Electronic component part numbers (such as DM3AT-SF-PEJM5(11) or 5015-120-001) are highly structured. They contain manufacturer prefixes, mounting codes, packaging identifiers, and revisions separated by dashes, slashes, or parentheses. Standard text search engines fail here: they either break the tokens into too many pieces, or fail to match when the user types a partial part number.
To provide instant, accurate search results for engineers, we must write custom Elasticsearch analyzers that understand part number syntax.

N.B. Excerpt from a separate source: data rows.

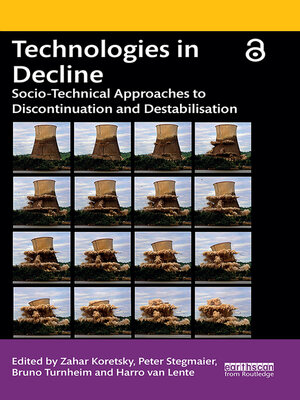 cover image of Technologies in Decline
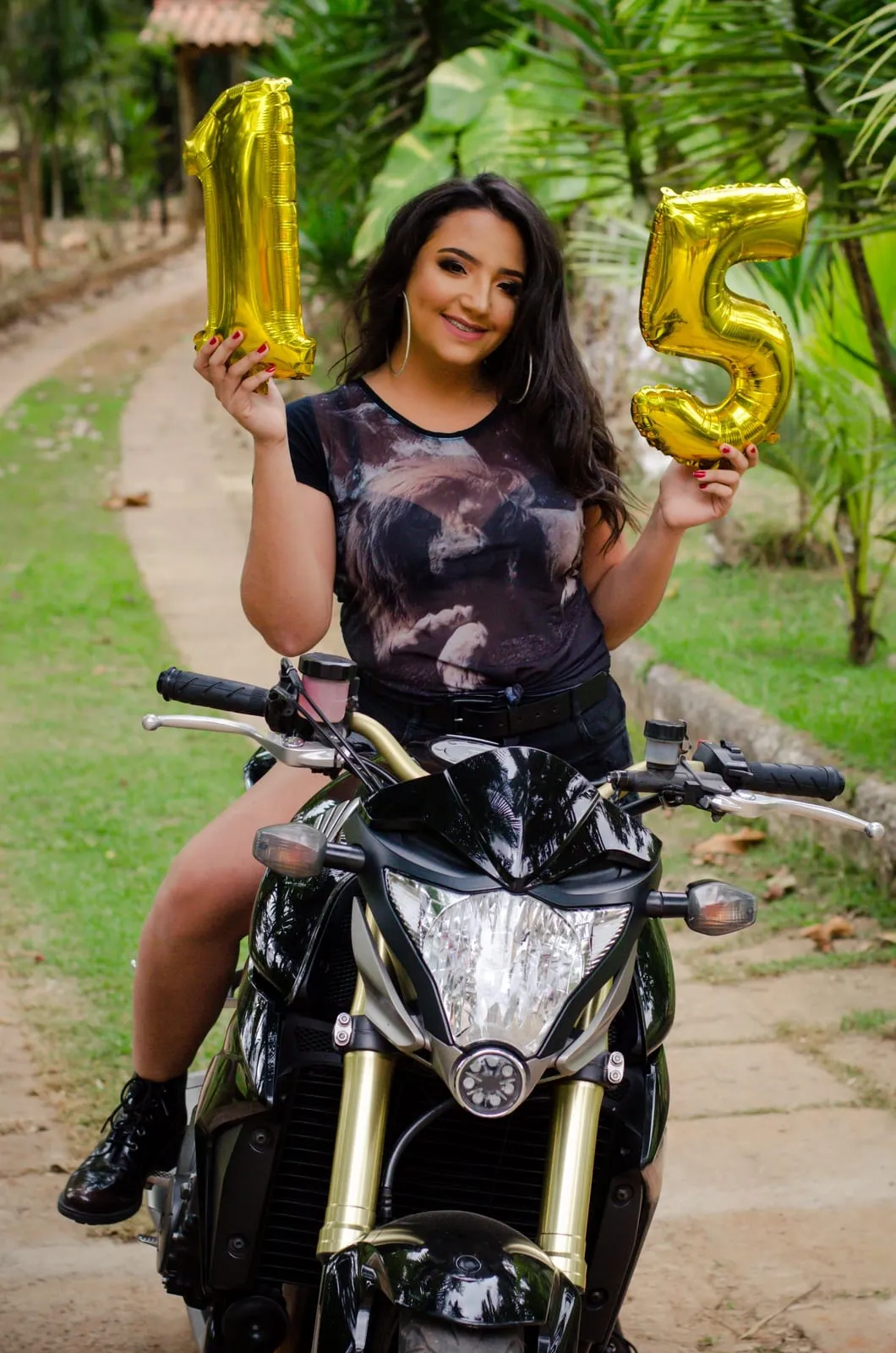 15 anos : Maria Fernanda – foto 8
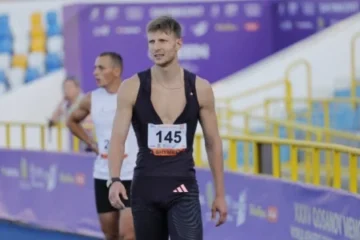 Казахстанец Ефремов стал призером чемпионата Азии в Ташкенте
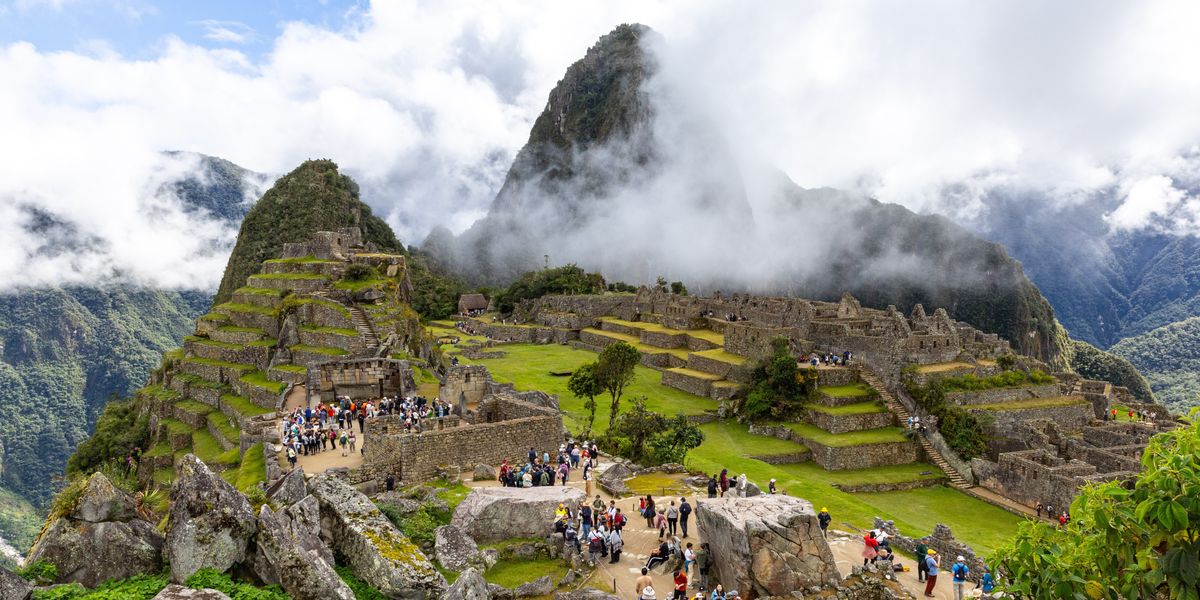 FCDO issues travel warning for one of Seven Wonders of the World as Britons risk getting 'stranded'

1. Custom N-Gram Tokenization
Standard tokenizers split text by whitespace or punctuation. For part numbers, we want to match partial queries like DM3 or PEJM5. We configure a custom Edge N-Gram Tokenizer that generates partial tokens from the start of each word, combined with a custom character filter that strips non-alphanumeric characters:
{
"settings": {
"analysis": {
"tokenizer": {
"part_ngram_tokenizer": {
"type": "edge_ngram",
"min_gram": 3,
"max_gram": 20,
"token_chars": ["letter", "digit"]
}
},
"analyzer": {
"part_number_analyzer": {
"type": "custom",
"tokenizer": "part_ngram_tokenizer",
"filter": ["lowercase"]
}
}
}
}
}
2. Tuning Match Queries
When querying, we use a bool query that combines a high-weight exact match clause with a lower-weight fuzzy clause. This ensures that exact matches appear at the top, while partial or slightly misspelled numbers still appear in the search results.